→ **Task statement**
Begin at the line below that has "Then you want" and stop after the line that has "These are short". Please restate only those lines, word for word.

[Collected data]
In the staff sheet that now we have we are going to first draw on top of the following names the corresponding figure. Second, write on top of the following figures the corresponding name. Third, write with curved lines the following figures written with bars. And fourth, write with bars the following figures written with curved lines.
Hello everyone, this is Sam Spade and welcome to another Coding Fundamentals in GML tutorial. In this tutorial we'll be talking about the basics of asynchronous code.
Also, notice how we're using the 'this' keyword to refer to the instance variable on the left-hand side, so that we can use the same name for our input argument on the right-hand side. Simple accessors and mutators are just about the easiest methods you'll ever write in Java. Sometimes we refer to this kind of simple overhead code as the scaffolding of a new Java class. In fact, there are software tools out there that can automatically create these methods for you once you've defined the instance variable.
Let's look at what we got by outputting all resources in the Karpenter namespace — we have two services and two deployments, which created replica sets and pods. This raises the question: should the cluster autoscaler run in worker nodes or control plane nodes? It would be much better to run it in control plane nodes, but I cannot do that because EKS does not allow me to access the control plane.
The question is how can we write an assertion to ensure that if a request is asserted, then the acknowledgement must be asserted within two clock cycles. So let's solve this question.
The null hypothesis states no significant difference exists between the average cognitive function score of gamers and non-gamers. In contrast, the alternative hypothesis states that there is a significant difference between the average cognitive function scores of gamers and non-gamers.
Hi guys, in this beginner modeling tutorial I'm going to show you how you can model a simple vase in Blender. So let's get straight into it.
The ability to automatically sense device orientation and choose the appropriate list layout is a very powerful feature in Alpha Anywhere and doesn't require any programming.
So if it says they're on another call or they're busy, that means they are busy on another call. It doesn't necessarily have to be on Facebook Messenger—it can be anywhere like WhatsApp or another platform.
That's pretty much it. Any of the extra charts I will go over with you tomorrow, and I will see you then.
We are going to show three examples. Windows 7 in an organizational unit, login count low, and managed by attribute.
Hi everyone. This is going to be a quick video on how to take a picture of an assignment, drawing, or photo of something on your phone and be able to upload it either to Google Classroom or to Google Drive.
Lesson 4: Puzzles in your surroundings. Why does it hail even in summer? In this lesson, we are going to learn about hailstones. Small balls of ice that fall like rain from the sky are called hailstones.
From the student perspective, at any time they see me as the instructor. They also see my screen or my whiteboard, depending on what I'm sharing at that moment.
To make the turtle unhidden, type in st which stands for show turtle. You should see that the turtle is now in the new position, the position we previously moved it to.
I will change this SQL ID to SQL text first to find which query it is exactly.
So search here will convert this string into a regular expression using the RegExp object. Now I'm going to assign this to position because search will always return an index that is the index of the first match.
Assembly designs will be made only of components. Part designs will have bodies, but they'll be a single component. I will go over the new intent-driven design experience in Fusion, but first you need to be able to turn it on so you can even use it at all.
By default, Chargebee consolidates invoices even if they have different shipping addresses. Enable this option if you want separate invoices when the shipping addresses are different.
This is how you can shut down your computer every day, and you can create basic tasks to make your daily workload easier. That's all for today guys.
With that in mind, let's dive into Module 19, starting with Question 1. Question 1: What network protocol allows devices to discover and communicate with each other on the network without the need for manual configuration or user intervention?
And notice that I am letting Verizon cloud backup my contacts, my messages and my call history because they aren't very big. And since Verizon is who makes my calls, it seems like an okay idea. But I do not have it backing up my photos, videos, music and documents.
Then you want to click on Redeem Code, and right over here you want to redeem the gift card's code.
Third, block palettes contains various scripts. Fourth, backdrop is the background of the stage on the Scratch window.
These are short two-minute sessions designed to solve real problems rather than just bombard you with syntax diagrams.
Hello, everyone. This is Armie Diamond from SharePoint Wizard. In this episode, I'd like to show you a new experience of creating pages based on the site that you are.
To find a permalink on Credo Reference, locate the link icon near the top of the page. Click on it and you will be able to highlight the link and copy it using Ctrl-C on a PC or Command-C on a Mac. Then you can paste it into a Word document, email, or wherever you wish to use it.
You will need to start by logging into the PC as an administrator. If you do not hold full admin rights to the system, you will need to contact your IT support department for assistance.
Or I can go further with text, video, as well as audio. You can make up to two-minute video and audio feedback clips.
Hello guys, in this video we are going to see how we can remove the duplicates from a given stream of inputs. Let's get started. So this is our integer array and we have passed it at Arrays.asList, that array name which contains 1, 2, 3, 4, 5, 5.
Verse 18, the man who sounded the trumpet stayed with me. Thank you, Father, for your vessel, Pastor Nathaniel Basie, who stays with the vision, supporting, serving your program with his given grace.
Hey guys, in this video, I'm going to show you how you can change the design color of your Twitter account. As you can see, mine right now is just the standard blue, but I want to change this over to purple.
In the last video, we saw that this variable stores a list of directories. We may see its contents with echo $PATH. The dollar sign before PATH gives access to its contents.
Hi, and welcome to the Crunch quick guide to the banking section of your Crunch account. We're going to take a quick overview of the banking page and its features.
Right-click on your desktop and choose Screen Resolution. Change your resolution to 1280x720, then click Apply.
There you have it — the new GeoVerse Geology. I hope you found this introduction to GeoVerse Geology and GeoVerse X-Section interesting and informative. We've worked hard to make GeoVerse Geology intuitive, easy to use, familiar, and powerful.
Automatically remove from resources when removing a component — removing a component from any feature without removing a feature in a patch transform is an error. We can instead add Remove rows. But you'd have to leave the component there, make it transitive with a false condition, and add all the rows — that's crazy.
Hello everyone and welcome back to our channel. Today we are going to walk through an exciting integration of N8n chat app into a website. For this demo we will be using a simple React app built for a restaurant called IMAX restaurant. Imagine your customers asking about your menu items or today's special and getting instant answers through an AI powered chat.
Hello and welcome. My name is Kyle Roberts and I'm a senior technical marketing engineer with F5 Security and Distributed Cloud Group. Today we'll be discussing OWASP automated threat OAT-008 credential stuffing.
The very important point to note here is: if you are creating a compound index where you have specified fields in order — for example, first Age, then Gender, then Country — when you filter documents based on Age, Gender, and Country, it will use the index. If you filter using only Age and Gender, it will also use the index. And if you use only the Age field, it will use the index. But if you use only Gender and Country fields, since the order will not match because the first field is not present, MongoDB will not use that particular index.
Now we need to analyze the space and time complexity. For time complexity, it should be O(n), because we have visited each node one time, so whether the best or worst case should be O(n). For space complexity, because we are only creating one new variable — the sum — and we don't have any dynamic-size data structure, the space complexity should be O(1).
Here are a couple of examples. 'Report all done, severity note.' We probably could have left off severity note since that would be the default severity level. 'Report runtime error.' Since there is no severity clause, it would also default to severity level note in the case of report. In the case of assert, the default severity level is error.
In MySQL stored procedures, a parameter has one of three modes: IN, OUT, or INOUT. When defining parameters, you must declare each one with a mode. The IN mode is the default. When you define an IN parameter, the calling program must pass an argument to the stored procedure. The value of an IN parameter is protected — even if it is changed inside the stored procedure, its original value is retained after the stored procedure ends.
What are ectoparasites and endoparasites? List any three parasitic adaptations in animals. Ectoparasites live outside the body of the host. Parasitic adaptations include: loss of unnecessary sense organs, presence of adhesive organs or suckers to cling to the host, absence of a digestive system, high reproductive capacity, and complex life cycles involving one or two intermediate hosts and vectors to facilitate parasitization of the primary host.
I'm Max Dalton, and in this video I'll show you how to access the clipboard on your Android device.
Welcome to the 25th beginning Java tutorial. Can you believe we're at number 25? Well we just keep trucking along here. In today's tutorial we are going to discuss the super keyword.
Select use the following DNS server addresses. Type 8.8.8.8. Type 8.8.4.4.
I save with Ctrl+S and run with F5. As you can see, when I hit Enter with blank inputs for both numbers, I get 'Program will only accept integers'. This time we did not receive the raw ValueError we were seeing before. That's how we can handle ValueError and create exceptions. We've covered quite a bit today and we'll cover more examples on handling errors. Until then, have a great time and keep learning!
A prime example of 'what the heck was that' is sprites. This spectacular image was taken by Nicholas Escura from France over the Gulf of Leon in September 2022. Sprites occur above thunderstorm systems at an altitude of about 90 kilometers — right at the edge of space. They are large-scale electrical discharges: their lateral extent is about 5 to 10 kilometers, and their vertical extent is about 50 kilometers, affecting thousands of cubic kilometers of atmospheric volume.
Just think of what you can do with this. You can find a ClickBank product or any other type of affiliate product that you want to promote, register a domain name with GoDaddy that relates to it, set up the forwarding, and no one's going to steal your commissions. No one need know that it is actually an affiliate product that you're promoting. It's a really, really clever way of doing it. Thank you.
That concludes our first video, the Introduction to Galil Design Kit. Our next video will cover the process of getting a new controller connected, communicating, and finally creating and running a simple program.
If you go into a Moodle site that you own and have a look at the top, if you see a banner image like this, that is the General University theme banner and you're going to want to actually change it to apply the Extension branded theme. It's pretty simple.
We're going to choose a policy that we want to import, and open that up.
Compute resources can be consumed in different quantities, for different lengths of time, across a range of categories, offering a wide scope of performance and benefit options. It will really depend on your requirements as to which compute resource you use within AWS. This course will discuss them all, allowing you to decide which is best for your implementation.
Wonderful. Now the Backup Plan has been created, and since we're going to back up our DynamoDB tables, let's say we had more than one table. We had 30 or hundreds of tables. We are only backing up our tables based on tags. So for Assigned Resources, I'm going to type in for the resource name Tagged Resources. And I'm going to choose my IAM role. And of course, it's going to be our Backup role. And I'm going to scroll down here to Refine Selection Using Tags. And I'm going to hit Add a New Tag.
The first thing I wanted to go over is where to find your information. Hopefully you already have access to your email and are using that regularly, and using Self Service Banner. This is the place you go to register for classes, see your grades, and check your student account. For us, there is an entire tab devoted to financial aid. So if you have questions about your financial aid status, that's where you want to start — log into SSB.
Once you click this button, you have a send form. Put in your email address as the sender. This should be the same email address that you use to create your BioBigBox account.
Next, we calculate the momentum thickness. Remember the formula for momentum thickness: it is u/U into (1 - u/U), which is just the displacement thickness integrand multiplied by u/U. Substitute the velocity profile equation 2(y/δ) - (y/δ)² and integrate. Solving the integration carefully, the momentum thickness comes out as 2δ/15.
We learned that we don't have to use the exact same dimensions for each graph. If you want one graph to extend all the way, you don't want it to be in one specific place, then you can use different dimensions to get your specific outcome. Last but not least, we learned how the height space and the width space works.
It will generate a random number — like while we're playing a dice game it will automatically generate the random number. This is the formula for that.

→ **Answer to this exercise**
Then you want to click on Redeem Code, and right over here you want to redeem the gift card's code.
Third, block palettes contains various scripts. Fourth, backdrop is the background of the stage on the Scratch window.
These are short two-minute sessions designed to solve real problems rather than just bombard you with syntax diagrams.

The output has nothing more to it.